Work task:
Print the data below again in full, exactly as it stands, with no images.

Input data:
────────────────
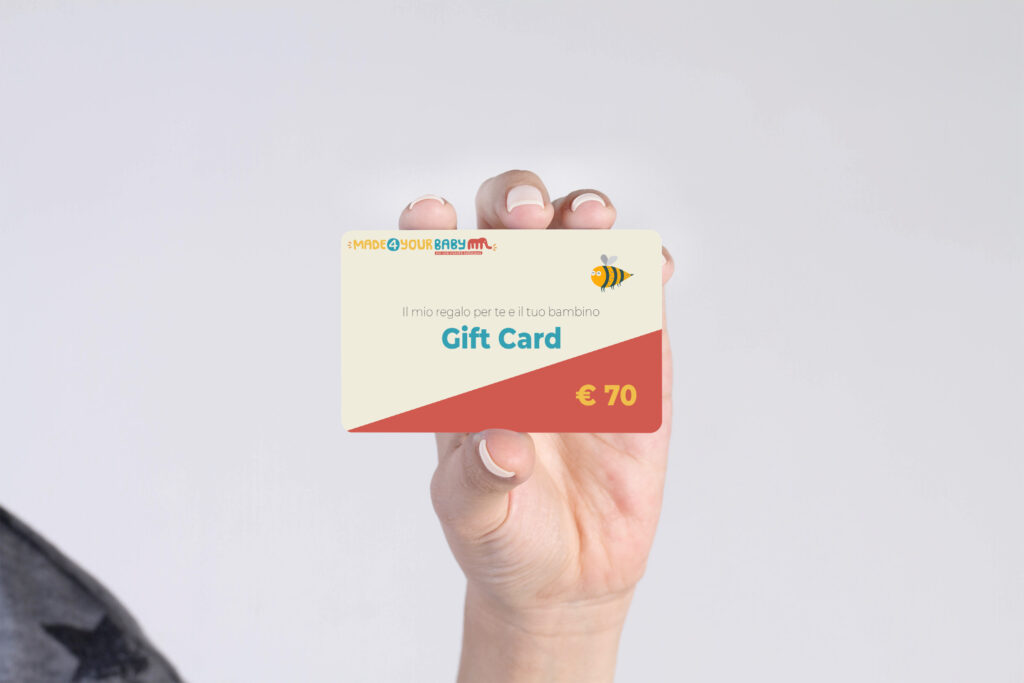 Mano che stringe la gift card di Made4YourBaby del valore di € 25, per fare un regalo a bambini e i loro genitori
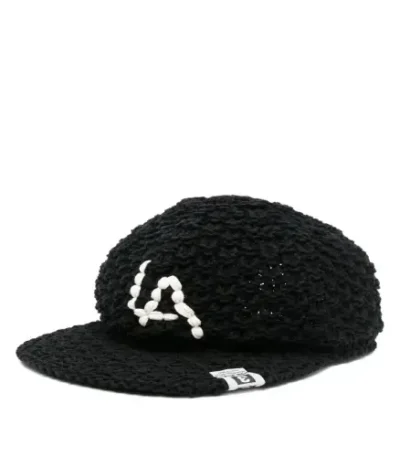 Front view of Maison Mihara Yasuhiro LA Embroidered Hat with premium stitched logo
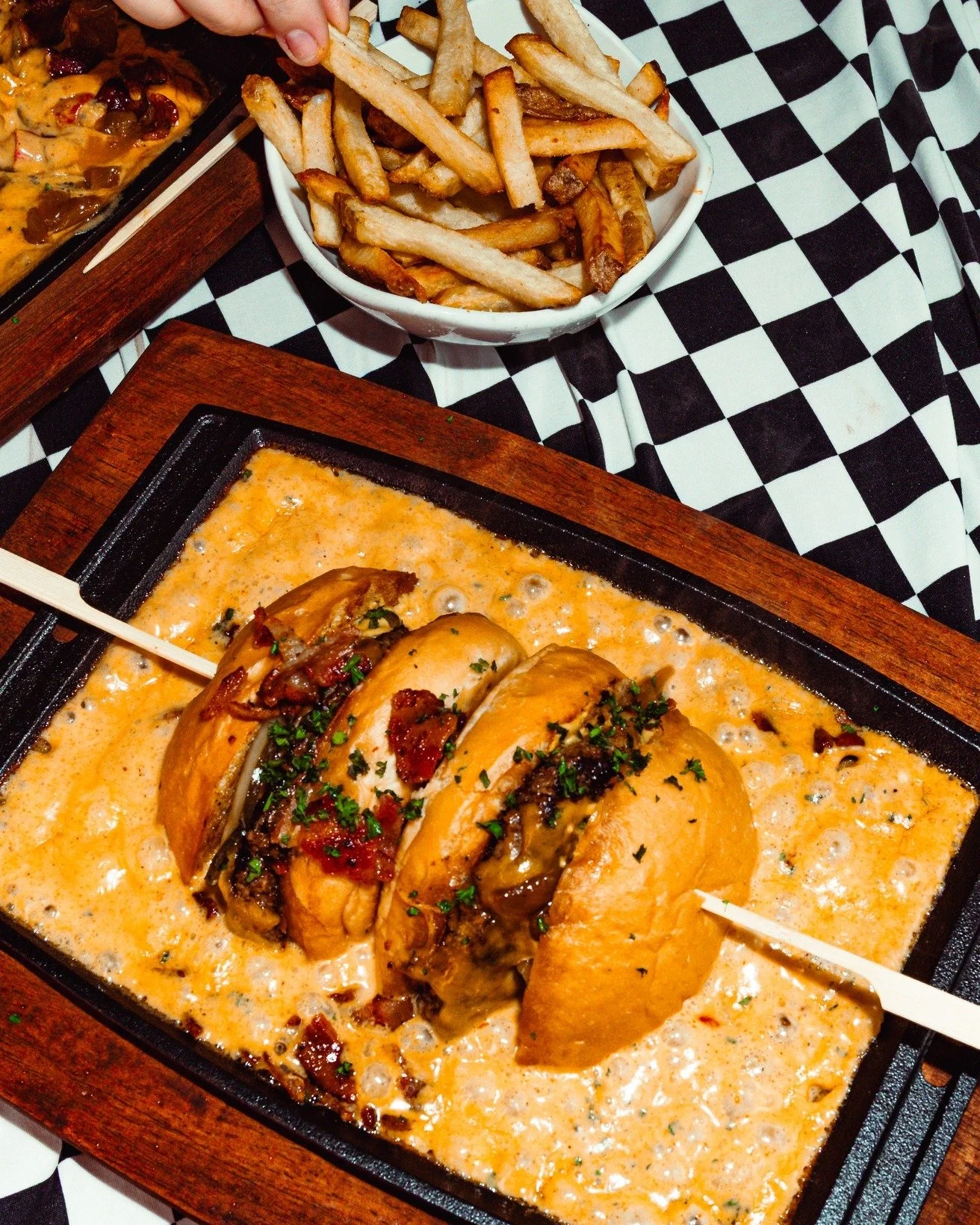 A burger topped with cheese and bacon on a skillet with a side of French fries in a bowl, served on a checkered tablecloth.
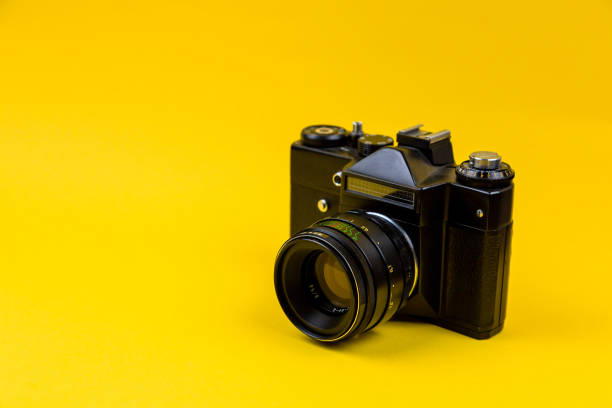 istock Flat lay film camera isolated on yellow background. Copy space 1210546307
────────────────
Response below:
 Mano che stringe la gift card di Made4YourBaby del valore di € 25, per fare un regalo a bambini e i loro genitori
 Front view of Maison Mihara Yasuhiro LA Embroidered Hat with premium stitched logo
 A burger topped with cheese and bacon on a skillet with a side of French fries in a bowl, served on a checkered tablecloth.
 istock Flat lay film camera isolated on yellow background. Copy space 1210546307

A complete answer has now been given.